What questions should we be asking? Water temp, house size, depth of pipes, amount of pex, diameter of pex, etc?

Temps are supposed to be below zero this weekend. I'm afraid we'll be shutting down the Heatmor and firing the oil boiler. I have small kids and I don't want them getting sick because the OWB can't keep up and the house is too cold.
 
You had it installed? Or installed yourselves?

If you had it installed, get the installer back out. Troubleshooting over the internet can be a tedious process. There are lots of possible reasons why this could be happening. Could be as simple as an airlock, or as un-simple as a bad system design.

If you would like to try to get some help here, pictures of everything would be a starting point along with info on all pipe/water temperatures where the OWB water goes in & out of something.
 
Thanks for replying. We had it dealer installed with all his equipment and parts. We broke down, gave up our pride and called him this morning. He'll be here to help my husband tonight. Fingers crossed it's something as simple as air in the lines. This house is the original money pit.....
 
Hoping he used proper underground piping. And proper sized. Getting that part wrong would likely be the hardest & most expensive to fix.
I believe he did. The underground piping came premanufactured. It was a large black insulated tube that encased both the feed and the return lines.

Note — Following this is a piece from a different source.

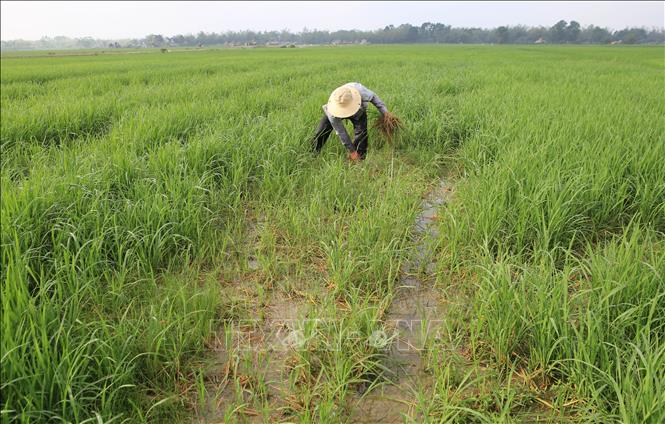 Trong ảnh: Bà con nông dân thu dọn những cây lúa bị chuột cắn. Ảnh: Hồ Cầu-TTXVN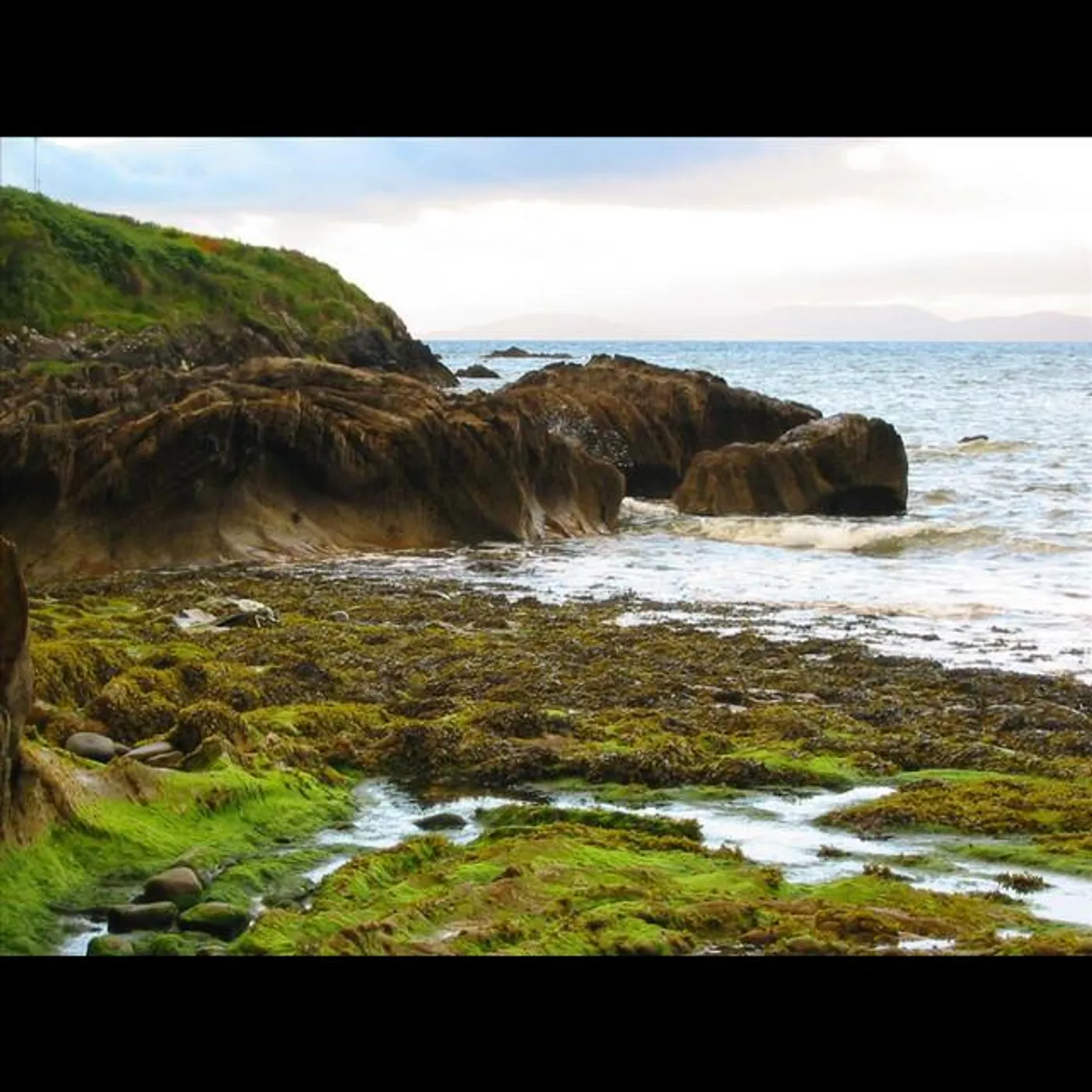 Dennis Cahill Brand Page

He also had 2 inch rigid foam insulation placed over the tube as extra insurance. Buried 4ft. You aren't kidding - I don't want to try and dig all the frozen ground up.
 
I believe he did. The underground piping came premanufactured. It was a large black insulated tube that encased both the feed and the return lines. He also had 2 inch rigid foam insulation placed over the tube as extra insurance. Buried 4ft. You aren't kidding - I don't want to try and dig all the frozen ground up.
Any pictures of the pipe.
Premade underground piping isn't a good sign.
 
I believe he did. The underground piping came premanufactured. It was a large black insulated tube that encased both the feed and the return lines. He also had 2 inch rigid foam insulation placed over the tube as extra insurance. Buried 4ft. You aren't kidding - I don't want to try and dig all the frozen ground up.

Premanufactured could mean good stuff or, well, stuff that isn't so good. 'Proper' stuff wouldn't need any extra rigid over it - that part raises a bit of an alarm & suspicion

But you could be OK - I won't raise any more alarms without more info. Also, if this is a brand new install, even the improper stuff usually takes a little while before it goes bad. Unless it is in wet ground. Or water intruded right away.
 
Its a new install into an existing baseboard water system heated by an oil fired boiler. We ripped out the copper and replaced with pex because the half inch copper was old, corroded, leaking and original to the old drafting system.

He recommended the rigid foam because we also laid in a water line in the trench for a frost free hydrant for our lifestock.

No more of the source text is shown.